The code now gives correct values when I use 4 streams but fails for more than 4. When I run the cudaSimpleStreams sample code from SDK, it’s failing. The output of the sample code from SDK is :
[simpleStreams] starting...
[ simpleStreams ]
> > Using CUDA device [0]: GeForce GTX 560 Ti
Device: <GeForce GTX 560 Ti> canMapHostMemory: Yes
> CUDA Capable: SM 2.1 hardware
> 8 Multiprocessor(s) x 48 (Cores/Multiprocessor) = 384 (Cores)
> scale_factor = 1.0000
> array_size = 16777216
> Using CPU/GPU Device Synchronization method (cudaDeviceScheduleBlockingSync)
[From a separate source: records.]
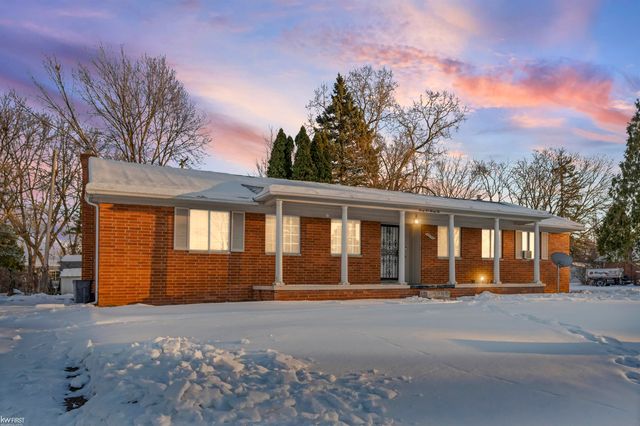 3522 Ridgecliffe Drive, Flint, MI 48532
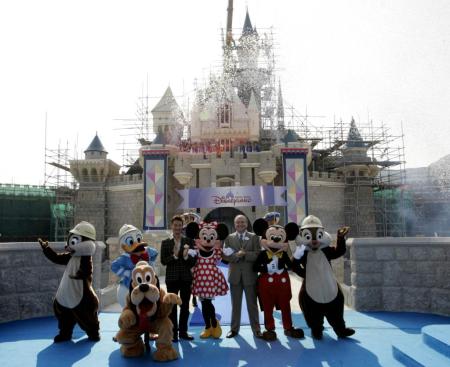 walt disney world castle logo. Hong Kong Disneyland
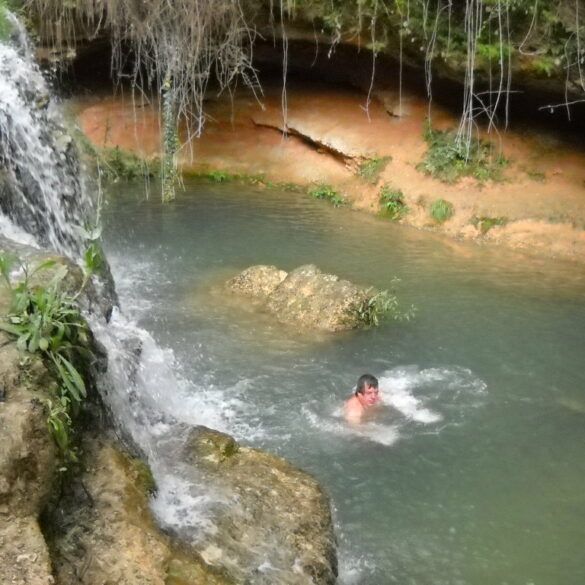 turista-bañandose-en-el-rio
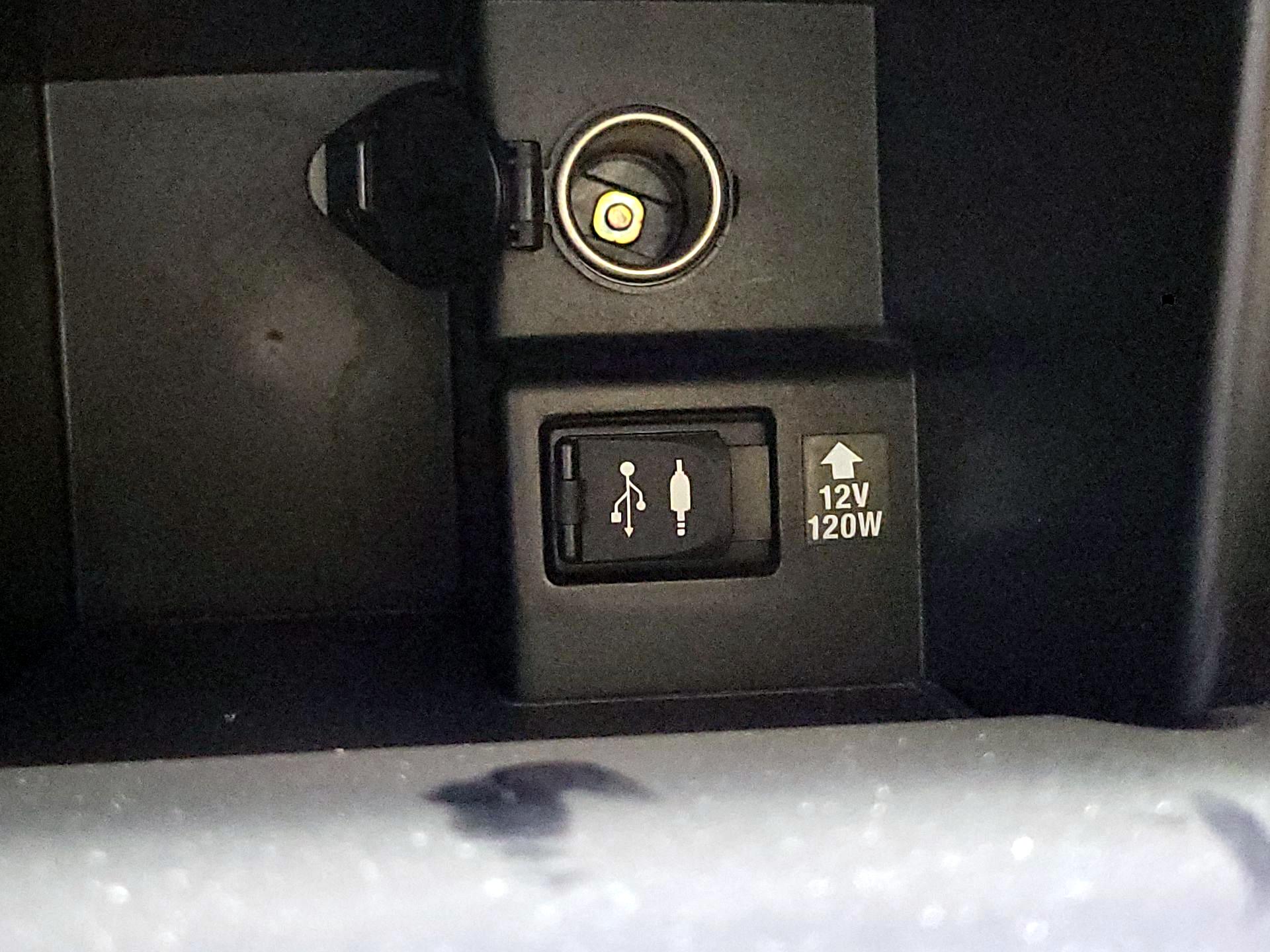 Thumbnail: 2014 Toyota Camry - 16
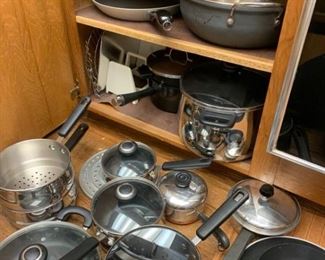 039 Cooks Essentials Pots Pans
> mmap() allocating 64.00 Mbytes (generic page-aligned system memory)
> cudaHostRegister() registering 64.00 Mbytes of generic allocated system memory
Starting Test
memcopy: 12.14
kernel: 46.80
non-streamed: 58.85 (58.93 expected)
8 streams: 49.29 (48.31 expected with compute capability 1.1 or later)
-------------------------------
21181: 4744 5000
[simpleStreams] test results...
FAILED
Press ENTER to exit...
Card is GeForce GTX 560 Ti. Am running CUDA 4.0 on Ubuntu 10.04. I will be grateful for your responses.
Thanks